ASSIGNMENT ->
Sort through the data and copy the lines holding the word "Фото".

INPUT RECORDS ->
****************

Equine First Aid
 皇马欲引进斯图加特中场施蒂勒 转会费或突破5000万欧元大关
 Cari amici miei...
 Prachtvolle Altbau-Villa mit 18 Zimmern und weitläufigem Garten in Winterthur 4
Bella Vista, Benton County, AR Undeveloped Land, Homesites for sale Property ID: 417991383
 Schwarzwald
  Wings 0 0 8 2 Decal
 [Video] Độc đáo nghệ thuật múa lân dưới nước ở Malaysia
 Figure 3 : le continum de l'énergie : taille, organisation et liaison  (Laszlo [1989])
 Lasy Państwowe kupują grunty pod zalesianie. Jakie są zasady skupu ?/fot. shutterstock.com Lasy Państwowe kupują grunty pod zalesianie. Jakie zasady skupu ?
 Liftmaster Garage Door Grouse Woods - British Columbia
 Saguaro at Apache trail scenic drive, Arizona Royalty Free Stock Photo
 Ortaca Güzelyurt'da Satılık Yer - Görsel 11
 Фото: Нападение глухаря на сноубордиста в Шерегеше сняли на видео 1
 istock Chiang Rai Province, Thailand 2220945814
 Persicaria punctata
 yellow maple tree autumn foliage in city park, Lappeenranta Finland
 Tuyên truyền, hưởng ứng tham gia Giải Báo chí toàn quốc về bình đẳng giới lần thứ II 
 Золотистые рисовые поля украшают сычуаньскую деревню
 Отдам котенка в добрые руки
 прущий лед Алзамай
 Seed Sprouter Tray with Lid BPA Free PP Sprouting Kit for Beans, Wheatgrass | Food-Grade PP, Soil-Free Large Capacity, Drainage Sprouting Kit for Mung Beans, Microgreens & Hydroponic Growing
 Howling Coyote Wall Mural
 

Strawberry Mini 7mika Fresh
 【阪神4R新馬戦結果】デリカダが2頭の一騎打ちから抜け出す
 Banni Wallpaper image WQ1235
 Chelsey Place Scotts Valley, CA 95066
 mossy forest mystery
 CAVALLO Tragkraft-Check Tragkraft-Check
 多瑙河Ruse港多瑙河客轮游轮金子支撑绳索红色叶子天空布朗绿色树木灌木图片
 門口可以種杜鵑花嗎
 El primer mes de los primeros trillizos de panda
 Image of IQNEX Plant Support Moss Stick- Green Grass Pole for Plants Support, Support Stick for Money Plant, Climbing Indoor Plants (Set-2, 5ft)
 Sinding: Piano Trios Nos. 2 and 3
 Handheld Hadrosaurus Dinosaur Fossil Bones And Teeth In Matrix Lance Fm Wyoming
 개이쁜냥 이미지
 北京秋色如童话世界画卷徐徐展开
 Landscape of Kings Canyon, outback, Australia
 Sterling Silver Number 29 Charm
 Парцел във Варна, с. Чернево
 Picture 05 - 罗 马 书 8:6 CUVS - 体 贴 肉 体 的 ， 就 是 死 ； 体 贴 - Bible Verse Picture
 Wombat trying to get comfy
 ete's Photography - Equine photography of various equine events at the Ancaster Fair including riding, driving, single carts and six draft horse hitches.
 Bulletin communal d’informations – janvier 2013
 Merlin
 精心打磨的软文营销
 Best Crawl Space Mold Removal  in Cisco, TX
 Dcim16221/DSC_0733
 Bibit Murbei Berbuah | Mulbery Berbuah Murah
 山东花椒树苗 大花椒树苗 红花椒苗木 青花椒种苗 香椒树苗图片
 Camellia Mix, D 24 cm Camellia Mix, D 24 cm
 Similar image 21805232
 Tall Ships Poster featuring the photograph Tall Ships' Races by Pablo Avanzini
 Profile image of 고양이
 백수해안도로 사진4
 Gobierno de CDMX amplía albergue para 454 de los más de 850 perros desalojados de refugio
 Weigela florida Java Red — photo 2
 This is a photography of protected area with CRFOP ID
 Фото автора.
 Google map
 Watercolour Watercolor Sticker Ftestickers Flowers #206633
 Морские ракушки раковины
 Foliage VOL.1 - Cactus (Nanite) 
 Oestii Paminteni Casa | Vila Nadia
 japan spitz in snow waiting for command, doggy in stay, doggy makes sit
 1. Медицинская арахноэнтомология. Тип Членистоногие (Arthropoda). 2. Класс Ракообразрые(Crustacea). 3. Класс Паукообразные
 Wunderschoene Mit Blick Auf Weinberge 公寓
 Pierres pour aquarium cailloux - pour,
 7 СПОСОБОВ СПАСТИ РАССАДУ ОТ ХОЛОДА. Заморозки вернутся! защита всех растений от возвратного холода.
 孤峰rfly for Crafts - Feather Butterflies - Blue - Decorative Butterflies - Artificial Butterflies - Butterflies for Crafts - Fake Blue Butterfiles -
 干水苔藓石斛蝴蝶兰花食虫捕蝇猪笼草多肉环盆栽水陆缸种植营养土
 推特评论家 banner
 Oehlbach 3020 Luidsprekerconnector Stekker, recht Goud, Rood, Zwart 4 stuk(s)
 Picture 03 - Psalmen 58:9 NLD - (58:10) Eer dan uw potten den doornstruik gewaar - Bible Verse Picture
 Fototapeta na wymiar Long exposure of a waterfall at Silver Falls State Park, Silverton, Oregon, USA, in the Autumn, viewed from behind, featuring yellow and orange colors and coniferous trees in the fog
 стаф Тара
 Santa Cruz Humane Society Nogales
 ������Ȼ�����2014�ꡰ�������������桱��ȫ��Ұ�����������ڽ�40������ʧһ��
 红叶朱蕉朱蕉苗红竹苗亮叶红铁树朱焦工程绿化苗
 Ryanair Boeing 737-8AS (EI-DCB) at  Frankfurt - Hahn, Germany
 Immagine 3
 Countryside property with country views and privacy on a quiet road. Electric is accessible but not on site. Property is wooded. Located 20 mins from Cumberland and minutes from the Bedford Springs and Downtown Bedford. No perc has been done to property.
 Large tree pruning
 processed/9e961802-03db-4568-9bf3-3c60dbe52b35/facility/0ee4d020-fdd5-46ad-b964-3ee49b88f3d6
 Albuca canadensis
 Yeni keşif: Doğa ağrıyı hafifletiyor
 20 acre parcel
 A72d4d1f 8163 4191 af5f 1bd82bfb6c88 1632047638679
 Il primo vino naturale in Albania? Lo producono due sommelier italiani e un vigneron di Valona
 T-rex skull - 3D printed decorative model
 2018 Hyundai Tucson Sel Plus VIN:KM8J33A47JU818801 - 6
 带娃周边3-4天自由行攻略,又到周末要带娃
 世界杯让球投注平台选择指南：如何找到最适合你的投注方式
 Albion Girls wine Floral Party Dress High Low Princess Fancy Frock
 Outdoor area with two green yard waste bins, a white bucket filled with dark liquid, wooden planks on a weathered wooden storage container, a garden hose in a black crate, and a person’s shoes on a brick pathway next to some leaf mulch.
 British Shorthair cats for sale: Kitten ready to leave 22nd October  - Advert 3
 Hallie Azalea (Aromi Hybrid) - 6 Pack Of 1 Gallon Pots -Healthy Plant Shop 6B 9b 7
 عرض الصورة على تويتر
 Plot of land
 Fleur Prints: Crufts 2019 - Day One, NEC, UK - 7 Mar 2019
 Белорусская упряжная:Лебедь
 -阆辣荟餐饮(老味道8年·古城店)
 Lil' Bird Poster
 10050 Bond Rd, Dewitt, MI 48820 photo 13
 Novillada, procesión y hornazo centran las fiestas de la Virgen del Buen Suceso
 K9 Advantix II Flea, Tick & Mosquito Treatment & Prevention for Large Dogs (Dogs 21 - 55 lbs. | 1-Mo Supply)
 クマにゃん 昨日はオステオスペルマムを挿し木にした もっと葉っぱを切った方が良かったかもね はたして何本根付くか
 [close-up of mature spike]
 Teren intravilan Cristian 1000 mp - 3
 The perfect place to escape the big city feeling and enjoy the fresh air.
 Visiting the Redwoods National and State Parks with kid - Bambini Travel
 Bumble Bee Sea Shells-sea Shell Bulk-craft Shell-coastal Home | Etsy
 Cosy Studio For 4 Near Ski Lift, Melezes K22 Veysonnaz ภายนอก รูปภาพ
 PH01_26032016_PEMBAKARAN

****************

EXERCISE RESPONSE ->
 Фото: Нападение глухаря на сноубордиста в Шерегеше сняли на видео 1
 Фото автора.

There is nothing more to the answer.